What Why Not's family had experienced during the Japanese occupation and Chin Peng's reign of terror had been repeated time and again in the Chinese villages in Sitiawan and elsewhere. For the direct victims, the wives and children, these acts can never be forgotten.
However, I would like to mention that there are differences between the two.
1) The Japanese had surrendered unconditionally, renounced terror and assisted by the Americans in particular, introduced parliamentary democracy with a constitution that forbade them to raise armies. Even today, their contribution of peacekeeping forces are only in support of efforts for affected civilians. Chin Peng and CPM did not surrender unconditionally. They had used the Malayan jungles as their bargaining chip - they could effectively run and hide, hit and run. This effectively forced our government to let them to 'demobilise'.
2) There were trials conducted to prosecute Japanese war criminals after World War II. In the case of CPM, only captured murderers were tried.
3) The Japanese now doing business in Malaysia and the world are the sons and daughters of the old Japanese regime, brought up with completely different values and objectives - not to conquer nations, but to trade. They they should not be held accountable for the actions of their forefathers. Similarly, the school mates of Chin Peng's son and his brother at ACS, Sitiawan did not put the blame of CPM's atrocities on them. It is not fair for a later generation to take the blame for an earlier one.
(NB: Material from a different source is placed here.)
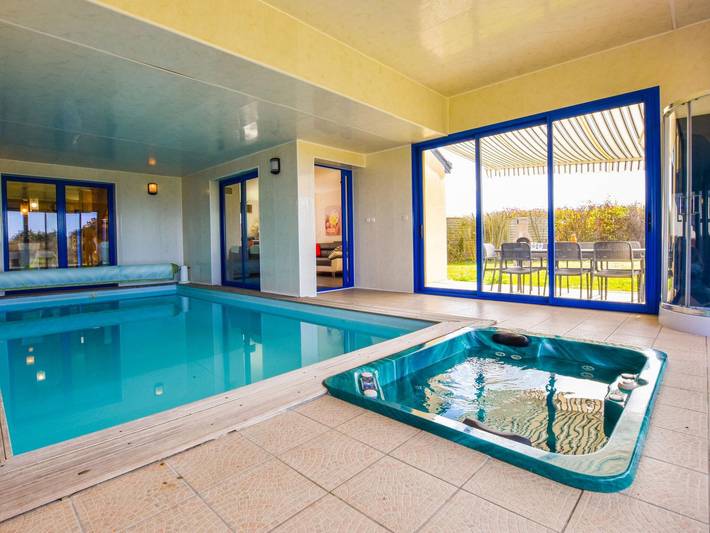 Villa pour 9 personnes, avec Terrasse et Jardin ainsi que Piscine et Sauna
4) Chin Peng, during World War II, did fight the Japanese alongside the British, but it was a marriage of convenience. Each used the other for their own objectives - the British to keep colonial rule, the other to take over and form a communist Malaya. I do not see his role as fighting for his country. He was fighting for his party. His only contribution to our independence was that he was a ready 'scapegoat' that Tunku Abdul Rahman used in gaining independence.